Edith Bouvier Beale - Grey Gardens

Grey Gardens

Sickly, alone, and draining money, Beale's mother began to beg her daughter to return to the East Hampton estate in March of 1952. On July 29, 1952, Beale returned to live with her mother in the East Hampton estate Grey Gardens (at 3 West End Road). The home had been purchased for Big Edie in 1923 when it still had one of the finest gardens on the East Coast.

In a 1980 letter to her nephew Bouvier Beale Jr., Beale claimed that: "When my Grandfather died (in 1948), he left $65,000 in trust. Jack B. ("Black Jack" Bouvier, Big Edie’s brother and a Wall Street broker) had only one objective—to grab the Bouvier fund to invest for his daughters (Jackie and Lee) and he did. He was supposed to take care of Mother." Instead, Big Edie ended up with $300 per month. Mother and daughter reportedly remained independent by selling off their Tiffany silver item by item.

After the 1963 death of the Beales' caretaker and handyman Tom "Tex" Logan, and a burglary in 1968, the women lived in near isolation and, eventually, poverty.

On October 22, 1971, inspectors from the Suffolk County Health Department raided the house and discovered that it violated numerous building regulations. The story became a national scandal. Health Department officials said they would evict the women unless the house was cleaned. Jacqueline Kennedy Onassis came to the rescue, paying $32,000 to clean the house, install a new furnace and plumbing system, and cart away 1,000 bags of garbage.

The Beales then rose to fame as a result of the Maysles brothers' 1975 direct cinema documentary film Grey Gardens.

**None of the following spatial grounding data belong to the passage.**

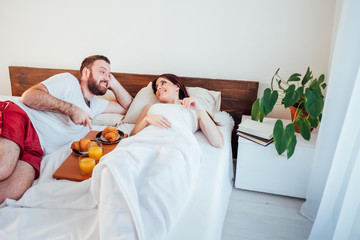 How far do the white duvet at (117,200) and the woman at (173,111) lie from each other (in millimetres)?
276

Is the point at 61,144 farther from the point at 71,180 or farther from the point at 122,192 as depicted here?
the point at 122,192

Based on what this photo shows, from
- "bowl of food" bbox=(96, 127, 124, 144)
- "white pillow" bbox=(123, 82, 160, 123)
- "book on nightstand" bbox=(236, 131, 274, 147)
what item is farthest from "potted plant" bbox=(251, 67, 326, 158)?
"bowl of food" bbox=(96, 127, 124, 144)

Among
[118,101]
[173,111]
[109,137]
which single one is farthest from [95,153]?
[118,101]

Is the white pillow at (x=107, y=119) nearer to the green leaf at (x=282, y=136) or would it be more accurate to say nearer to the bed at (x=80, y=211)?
the bed at (x=80, y=211)

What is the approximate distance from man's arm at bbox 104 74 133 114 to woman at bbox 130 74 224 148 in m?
0.31

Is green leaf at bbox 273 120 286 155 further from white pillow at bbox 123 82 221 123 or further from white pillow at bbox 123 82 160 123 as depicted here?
white pillow at bbox 123 82 160 123

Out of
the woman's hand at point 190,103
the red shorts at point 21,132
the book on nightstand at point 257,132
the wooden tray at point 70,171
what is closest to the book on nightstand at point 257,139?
the book on nightstand at point 257,132

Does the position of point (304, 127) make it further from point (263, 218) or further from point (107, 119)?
point (107, 119)

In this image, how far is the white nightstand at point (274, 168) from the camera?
1756 millimetres

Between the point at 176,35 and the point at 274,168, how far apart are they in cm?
138

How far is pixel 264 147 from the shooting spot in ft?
5.88

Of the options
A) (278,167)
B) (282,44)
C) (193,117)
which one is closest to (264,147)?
(278,167)

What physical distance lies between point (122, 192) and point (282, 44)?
1769 mm

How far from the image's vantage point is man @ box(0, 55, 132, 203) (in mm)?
1277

The film revealed the strong and dysfunctional ties between Mrs. Beale and Little Edie, as well as showcasing the reclusive pair's daily rituals of song, recollections, arguments, and reconciliations. Beale and her mother were each paid $5,000 for the documentary, which featured their daily lives, songs and dances included. They never did obtain a percentage of the film profits as originally allegedly promised by the Maysles brothers. The film was screened for the two Edies in the upstairs hall of Grey Gardens in 1975.